Tensorflow tutorial for Physics Informed Neural Networks

Some notes that explain how PINNs are implemented in tensorflow

NOTE: This blog post contains some useful explanations for people who are less familiar with tensorflow, it explains few steps in a notebook of Jan Blechschmidt

PINNs intro

Physics Informed Neural Networks (PINNs) aim to solve Partial Differential Equatipons (PDEs) using neural networks. The crucial concept is to put the PDE into the loss, which is why they are referred to as physics informed many authors have used similar terms such as physics-based etc, in some cases this involves using appropriate architecture adjustments rather than penalizing loss.

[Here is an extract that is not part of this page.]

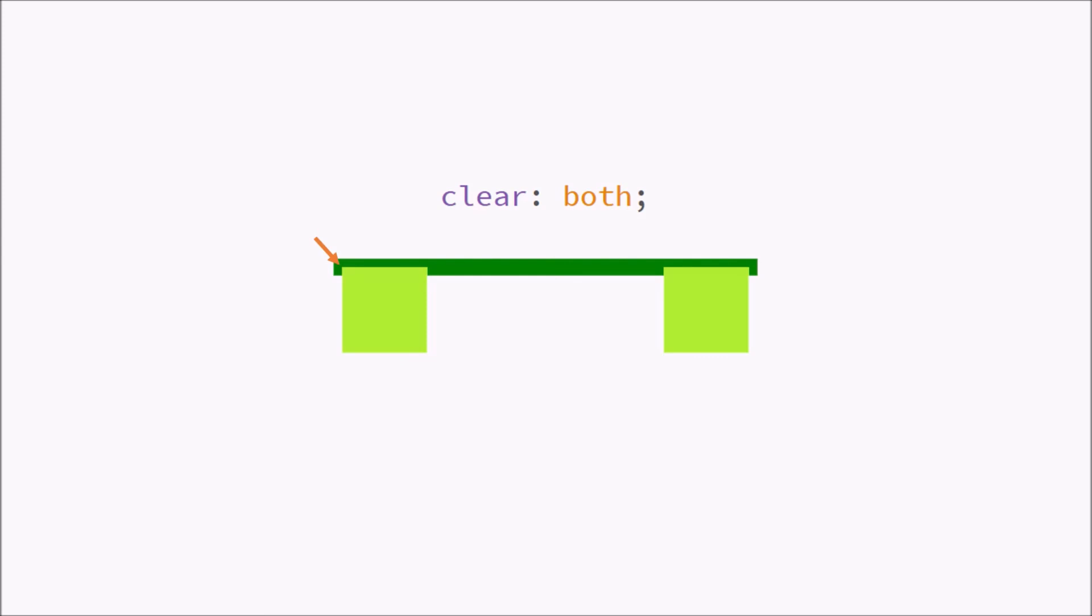So it's going to check both of these boxes. And it's going to push your element all the way down because it can't find any floating elements on the side anymore. And it's going to make your div look like this, which is what you want to have.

The essential thing to understand is that PINNs have been designed as a tool for two types of tasks, forward and inverse problem. Forward problem refers to the solutions of Partial Differential Equation (PDE) with known functional form and inverse problems refers to finding coefficients from data. The latter application is actually more interesting, since, as it turns out, solving PDEs with PINNs (former application) is generally more efficient when using standard numerical schemes and libraries.

The method constructs a neural network approximation

\[u_\theta(t,x) \approx u(t,x)\]

of the solution of nonlinear PDE, where $u_\theta :[0,T] \times \mathcal{D} \to \mathbb{R}$ denotes a function realized by a neural network with parameters $\theta$.

The continuous time approach for the parabolic PDE as described in (Raissi et al., 2017 (Part I)) is based on the (strong) residual of a given neural network approximation $u_\theta \colon [0,T] \times \mathcal{D} \to \mathbb{R} $ of the solution $u$, i.e.,

\[\begin{align} r_\theta (t,x) := \partial_t u_\theta (t,x) + \mathcal{N}[u_\theta] (t,x). \end{align}\]

To incorporate this PDE residual $r_\theta$ into a loss function to be minimized, PINNs require a further differentiation to evaluate the differential operators $\partial_t u_\theta$ and $\mathcal{N}[u_\theta]$. Thus the PINN term $r_\theta$ shares the same parameters as the original network $u_\theta(t,x)$, but respects the underlying “physics” of the nonlinear PDE. Both types of derivatives can be easily determined through automatic differentiation with current state-of-the-art machine learning libraries, e.g., TensorFlow or PyTorch.

The PINN approach for the solution of the initial and boundary value problem now proceeds by minimization of the loss functional

\[\begin{align} \phi_\theta(X) := \phi_\theta^r(X^r) + \phi_\theta^0(X^0) + \phi_\theta^b(X^b), \end{align}\]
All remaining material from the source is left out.